On October 1st between 14:49 and 15:44 CET, the Management API experienced a performance degradation. This affected some parts of the Norce Admin UI and resulted in longer response times and/or failed requests. The issue originated from a temporary network issue where the Management API Service intermittently couldn’t connect to our SQL infrastructure.
The problem was mitigated by routing requests from the Admin UI to a different set of API Services while troubleshooting continued.
The alarms we have in place for detecting longer response times and API downtime worked as expected and a team consisting of both developers and infrastructure engineers quickly assembled to address the problem. However, we are taking additional steps in ensuring quick reaction time when incidents like this occur and further analysis will be done to identify the underlying root cause for network instability.

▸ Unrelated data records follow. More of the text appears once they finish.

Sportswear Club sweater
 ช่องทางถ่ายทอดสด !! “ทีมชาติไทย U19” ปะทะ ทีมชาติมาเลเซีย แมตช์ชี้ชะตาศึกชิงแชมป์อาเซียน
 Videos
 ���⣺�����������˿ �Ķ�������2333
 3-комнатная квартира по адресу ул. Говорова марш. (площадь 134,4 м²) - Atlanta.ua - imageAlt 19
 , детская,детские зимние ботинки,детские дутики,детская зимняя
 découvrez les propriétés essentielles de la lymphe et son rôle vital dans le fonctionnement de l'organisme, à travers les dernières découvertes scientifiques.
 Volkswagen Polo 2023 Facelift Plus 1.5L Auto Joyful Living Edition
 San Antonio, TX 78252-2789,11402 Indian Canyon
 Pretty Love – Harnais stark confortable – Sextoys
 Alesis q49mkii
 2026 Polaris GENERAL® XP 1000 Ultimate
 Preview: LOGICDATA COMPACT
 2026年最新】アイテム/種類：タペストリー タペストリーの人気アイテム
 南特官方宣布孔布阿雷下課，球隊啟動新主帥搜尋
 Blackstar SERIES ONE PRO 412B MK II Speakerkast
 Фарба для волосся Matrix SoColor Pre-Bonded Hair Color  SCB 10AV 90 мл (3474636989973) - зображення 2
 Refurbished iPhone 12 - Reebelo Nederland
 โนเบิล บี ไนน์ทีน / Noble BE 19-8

Service Affected: Management API / Admin UI
Timeframe: Oct 1 14:49 – 15:44 CET
This incident was caused by a temporary issue with network stability isolated to instances of the Management API service. Norce Engineers responded fast and executed on the network stability playbook, including application and compute node restarts. When those actions didn’t mitigate the issue focus was instead turned to the Admin UI and changes were implemented that allowed the Admin UI to direct requests to an alternative set of APIs.
Norce Engineers responded in a timely manner and followed a well-established playbook for stability issues before making changes to the application.